Texto publicado pelo youtuber reflete sua guinada oportunista, abandonando o partido que fundou para ingressar no PSOL

Nesta sexta-feira (10), o programa Reunião de Pauta, da Causa Operária TV, levou ao ar a segunda parte de sua análise sobre a carta de desligamento de Jones Manoel do Partido Comunista Brasileiro Revolucionário (PCBR). Dando sequência ao “react” do dia anterior, os apresentadores Victor Assis e Francisco Weiss mergulharam no restante do documento para expor o que classificaram como as lamúrias de um “popstar” que troca a foice e o martelo pelas verbas e conveniências do PSOL. A transmissão, marcada por um tom ácido e pela participação satírica do perfil Jongs MamuEUA no chat, consolidou a visão da bancada de que o rompimento não passa de uma manobra de carreira travestida de lamento pessoal.

Para situar o público, os apresentadores fizeram uma breve recapitulação do episódio de quinta-feira (9), onde o foco foi a natureza empresarial do rompimento. Na primeira parte da carta, Jones Manoel focou na disputa pelo portal Farol Brasil, alegando que o partido tentava “expropriar” seu projeto de comunicação. A bancada da COTV relembrou como o impostor agiu como um “patrão” preocupado com a folha de pagamento de jornalistas burgueses, como Mauro Lopes, enquanto ignorava a disciplina coletiva. O debate anterior já havia apontado que a justificativa de Jones sobre a necessidade de sustentar sua família com a receita do YouTube era uma “apologia ao carreirismo”.

A análise desta sexta-feira retomou a leitura na página seis da carta, onde o tom de lamento de Jones atinge seu ápice em relação à segurança pessoal. Jones descreve um cotidiano de paranoia, afirmando que gastou um bom dinheiro com câmeras de vigilância e que contratou um motorista particular porque “pegar um Uber hoje pode significar risco de vida”. A reação da bancada foi uma mistura de indignação e deboche, questionando se o partido agora deveria funcionar como uma seguradora de luxo.

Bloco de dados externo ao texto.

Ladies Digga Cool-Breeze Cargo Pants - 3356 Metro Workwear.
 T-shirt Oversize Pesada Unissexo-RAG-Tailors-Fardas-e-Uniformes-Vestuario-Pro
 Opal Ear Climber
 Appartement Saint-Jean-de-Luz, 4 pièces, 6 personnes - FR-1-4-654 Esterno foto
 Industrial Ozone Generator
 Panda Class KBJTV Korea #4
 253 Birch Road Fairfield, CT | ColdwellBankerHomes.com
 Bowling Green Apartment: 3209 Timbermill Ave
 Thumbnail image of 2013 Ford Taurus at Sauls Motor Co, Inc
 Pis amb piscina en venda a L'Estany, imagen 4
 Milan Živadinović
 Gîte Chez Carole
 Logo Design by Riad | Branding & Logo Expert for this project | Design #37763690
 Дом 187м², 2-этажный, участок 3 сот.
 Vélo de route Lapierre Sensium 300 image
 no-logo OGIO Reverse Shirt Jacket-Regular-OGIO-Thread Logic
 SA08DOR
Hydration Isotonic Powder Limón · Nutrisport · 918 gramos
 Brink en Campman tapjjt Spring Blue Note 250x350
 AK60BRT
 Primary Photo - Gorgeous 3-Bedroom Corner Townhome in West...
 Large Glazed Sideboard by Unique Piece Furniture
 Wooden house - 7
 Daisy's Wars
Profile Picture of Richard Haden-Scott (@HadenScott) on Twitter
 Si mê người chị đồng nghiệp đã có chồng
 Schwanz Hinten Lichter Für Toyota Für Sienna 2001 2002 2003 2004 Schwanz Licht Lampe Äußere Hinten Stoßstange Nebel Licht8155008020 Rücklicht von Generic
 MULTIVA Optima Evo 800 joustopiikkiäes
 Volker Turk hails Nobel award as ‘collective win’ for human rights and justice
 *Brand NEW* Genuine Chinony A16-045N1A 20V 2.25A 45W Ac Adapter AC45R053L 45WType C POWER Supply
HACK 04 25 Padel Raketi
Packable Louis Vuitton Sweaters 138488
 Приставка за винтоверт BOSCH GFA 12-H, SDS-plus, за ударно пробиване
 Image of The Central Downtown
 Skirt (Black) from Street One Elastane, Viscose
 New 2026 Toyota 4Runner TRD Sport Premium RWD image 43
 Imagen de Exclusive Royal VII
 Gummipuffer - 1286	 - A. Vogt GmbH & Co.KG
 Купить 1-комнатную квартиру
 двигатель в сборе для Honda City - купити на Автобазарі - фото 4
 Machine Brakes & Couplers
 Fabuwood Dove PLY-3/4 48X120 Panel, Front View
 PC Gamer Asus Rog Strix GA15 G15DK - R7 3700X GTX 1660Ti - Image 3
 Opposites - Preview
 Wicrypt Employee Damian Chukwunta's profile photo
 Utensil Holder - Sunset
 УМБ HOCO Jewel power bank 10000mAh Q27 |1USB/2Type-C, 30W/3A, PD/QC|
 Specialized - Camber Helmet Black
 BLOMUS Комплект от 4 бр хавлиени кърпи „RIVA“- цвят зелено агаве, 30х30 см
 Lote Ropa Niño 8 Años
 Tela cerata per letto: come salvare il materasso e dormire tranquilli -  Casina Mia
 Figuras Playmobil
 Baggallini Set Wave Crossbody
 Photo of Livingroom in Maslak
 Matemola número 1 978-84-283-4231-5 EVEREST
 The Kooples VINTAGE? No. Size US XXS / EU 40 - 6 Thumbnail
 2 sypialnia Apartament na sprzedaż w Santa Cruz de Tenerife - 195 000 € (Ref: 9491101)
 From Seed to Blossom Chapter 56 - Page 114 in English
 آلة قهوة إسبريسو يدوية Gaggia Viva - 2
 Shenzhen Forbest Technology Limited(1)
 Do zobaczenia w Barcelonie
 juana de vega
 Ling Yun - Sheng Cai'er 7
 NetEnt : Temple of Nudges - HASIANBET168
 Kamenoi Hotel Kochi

O cerne político do novo programa foi a revelação de Jones sobre os bastidores de sua campanha em Pernambuco. No documento, ele admite que a mobilização de artistas, humoristas e figuras do PSOL em seus vídeos não foi algo espontâneo, mas sim fruto de seu próprio trabalho — e bolso. Para os comentaristas, essa é a prova cabal de que Jones está comprando sua própria relevância, utilizando um método que nada deve aos partidos burgueses. A bancada apontou o que chamou de “oportunismo explícito” ao ver que Jones migrou para o PSOL exatamente quando a janela de filiação se fechou, buscando o que ele mesmo chamou de “oportunidade histórica” de ser eleito. Francisco Weiss destacou a ironia de Jones elogiar o programa do PCBR como o “melhor para a revolução” apenas no momento em que está batendo em retirada para uma legenda reformista e financiada por fundações estrangeiras.

O encerramento da carta, onde Jones diz que sua maior contribuição ao partido é “não estar mais nele” para evitar o desgaste com camaradas, foi recebido com gargalhadas pelos apresentadores.